Essays Introduction

Essays Introduction

 Issue Editors: Agata Łuksza and Aldo Milohnić

While for the last four centuries Europe has exported its political models and the consequences of clashes between its nations around the world, it is now facing the contradictions of such politics. Although respect for human rights and the right to asylum are still formally declared as indispensable to all European democracies, in response to mass migration from the impoverished periphery of the world to the rich centres, the radical right and conservative politics in Europe have grown significantly. This turbulence in the political arena of almost every European democracy is challenging “the modern ideal of cosmopolitanism” which, according to Étienne Balibar (2004) goes hand in hand with citizenship in modern nations. The international and multicultural foundations of cosmopolitanism collide with what Balibar calls “public communitarianism”, which is usually concerned with the protection of so-called “traditional values.” Although contemporary societies are irreducible to a single model of national assimilation, one can notice the recent strengthening of conservative communitarianism in Europe, “centred on the state and its exclusive claim to incarnate the universal.” Balibar, author of We, the People of Europe? argues that such a version of communitarianism demands and allows for a permanent stigmatization of the foreigner.

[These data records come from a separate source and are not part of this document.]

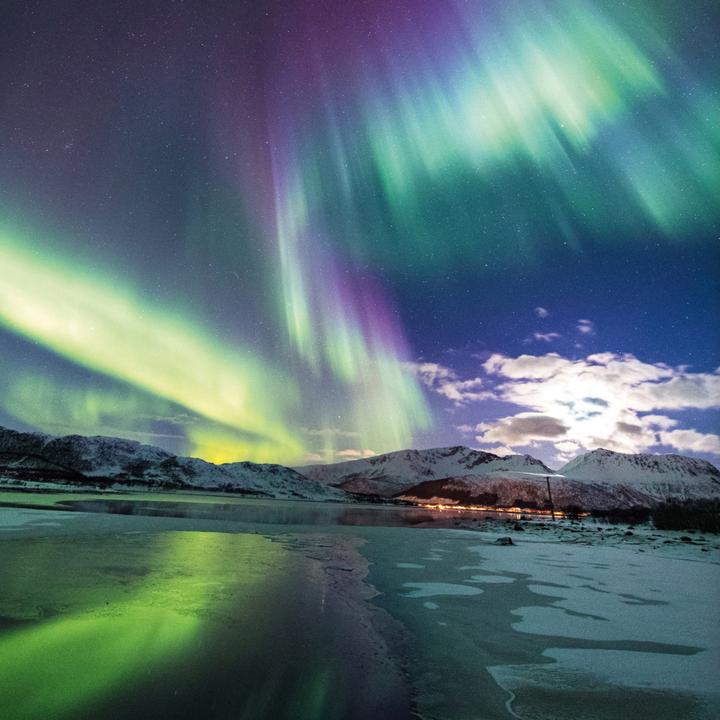 Actual product image Herding Aurora Borealis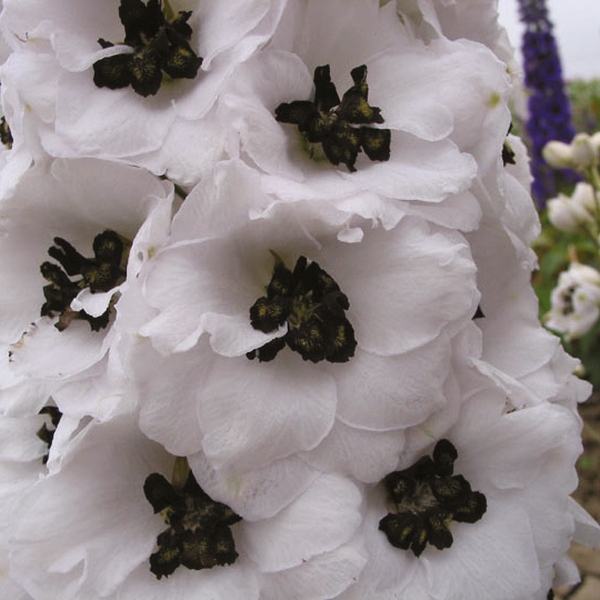 Delphinium cultorum Fantasy White & Black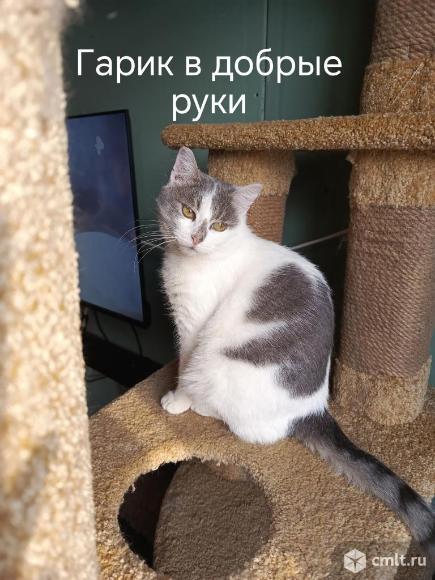Кот Гарик ищет дом. Фото 1.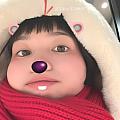 一只野貓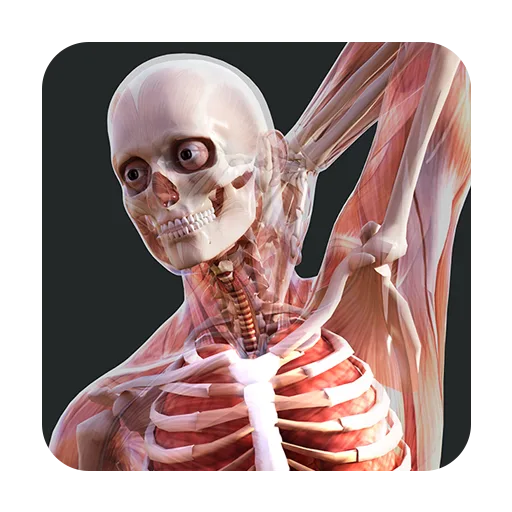 Human Anatomy VR – Medical Education cover artwork from the official Meta Store page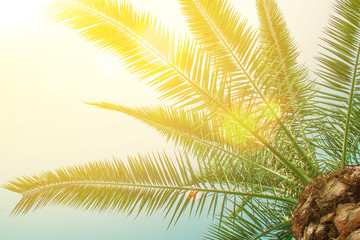 Tropical palm tree on sky background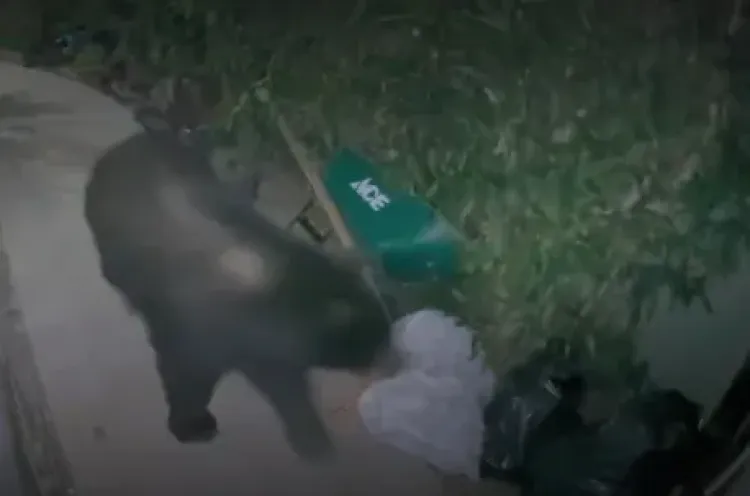 Fatal ataque de oso negro en California: Trágica lucha por sobrevivir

The first issue of the EASTAP journal would like to encourage critical thinking – embedded in theatrical, aesthetic, ethicaland sociological concepts – regarding past and present ideologies concerning  “identity politics” in Europe and beyond European borders (e.g. Edward Said) . In this Call for Proposals, we are predominantly interested in essays dealing with performing arts productions that challenge (realistically or metaphorically) authoritarian tendencies and conservative politics in Europe, especially in those artists who practice “fearless speech” (Michel Foucault) and, by doing so, commit themselves against all kinds of prejudices, including “antitheatrical prejudice” (Jonas Barish). The artists, theatres and performing groups that can be highlighted in that context are, for instance: Christoph Schlingensief, Oliver Frljić, Teatr Powszechny in Warsaw, Teatro do Vestido, Teatr Doc, Tanja Ostojic, Milo Rau and his International Institute of Political Murder, Pussy Riot, Zentrum für politische Schönheit, among others. We also welcome historical essays investigating the relationship between theatre practice/institutions and communitarianism/cosmopolitanism, especially the ways in which theatre and performance artists might have critically participated in debates on national, European or civic identities.